WHAT THIS TASK INVOLVES:
Please reproduce all of the listing below exactly and drop its images.

INFORMATION PROVIDED:
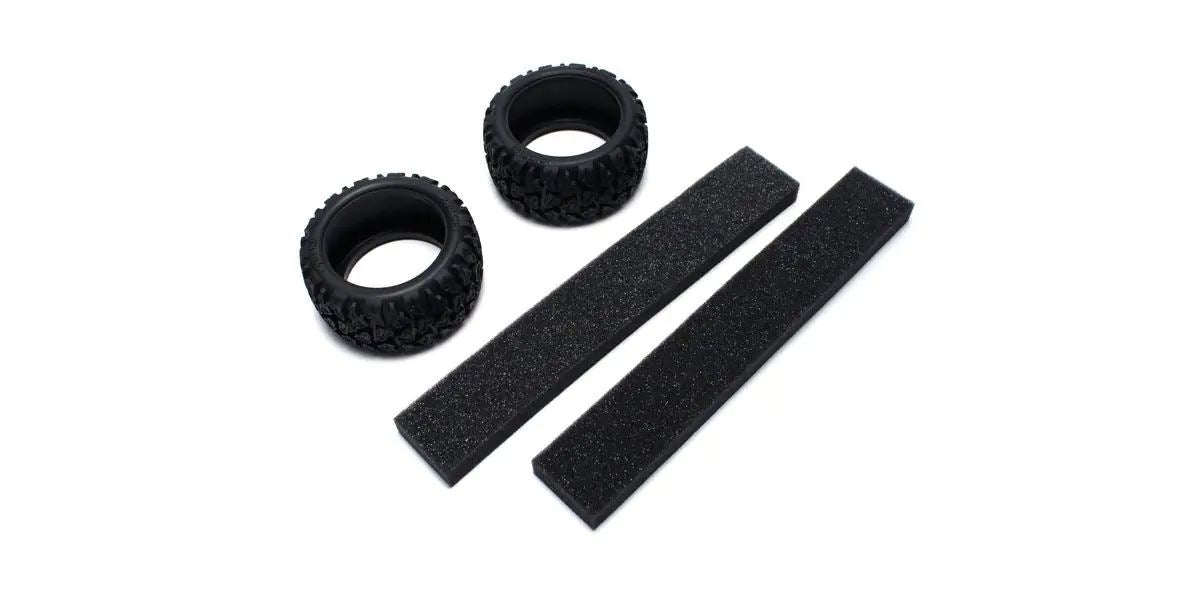 Kyosho zRage/Madbug Tyres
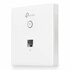TP-Link EAP115-Wall | WiFi 4 Access Point | 300 Mbit/s | PoE (802.3af)_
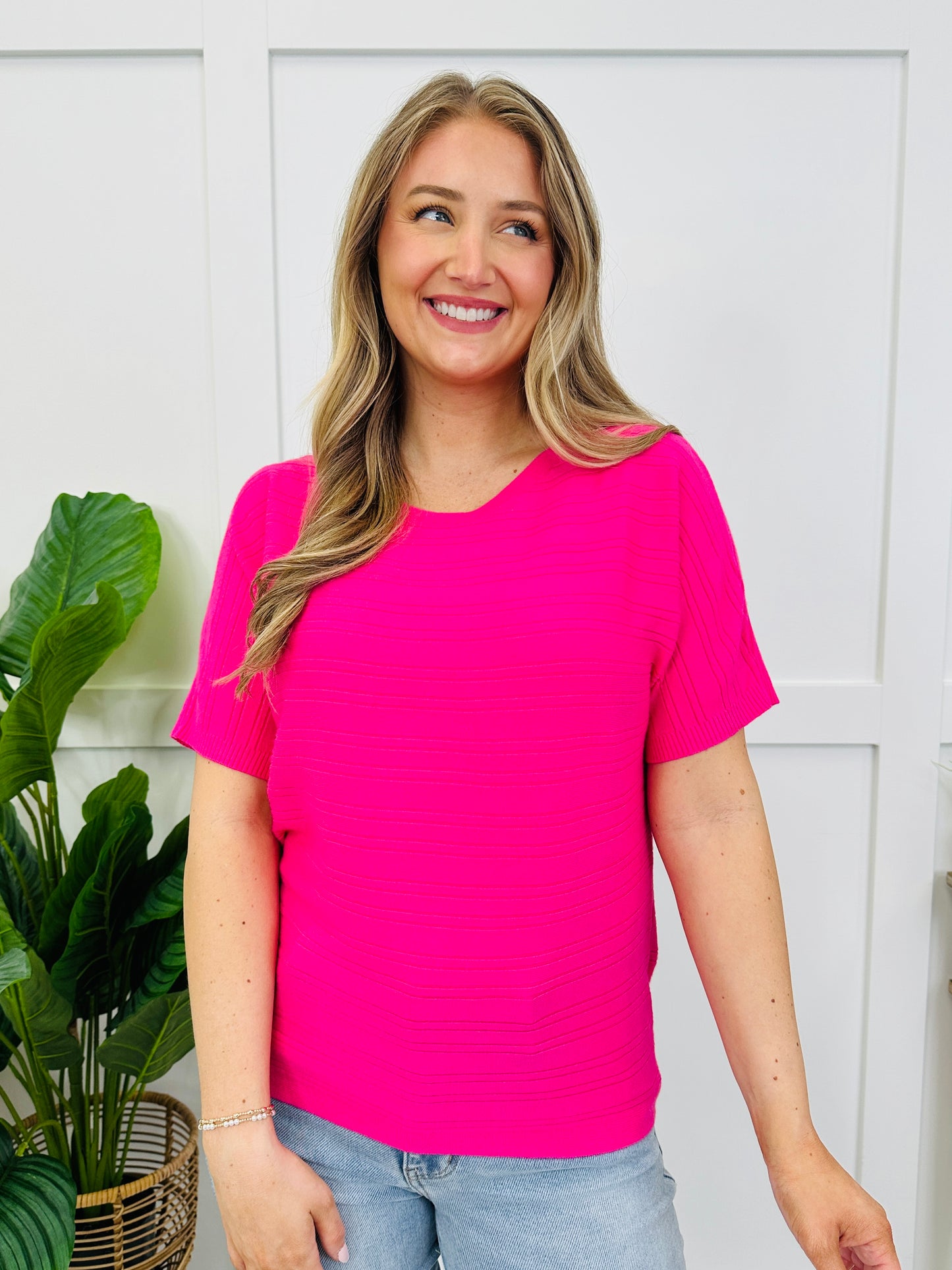 Quiet Style Top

ANSWER TO THE PROBLEM:
 Kyosho zRage/Madbug Tyres
TP-Link EAP115-Wall | WiFi 4 Access Point | 300 Mbit/s | PoE (802.3af)_
 Quiet Style Top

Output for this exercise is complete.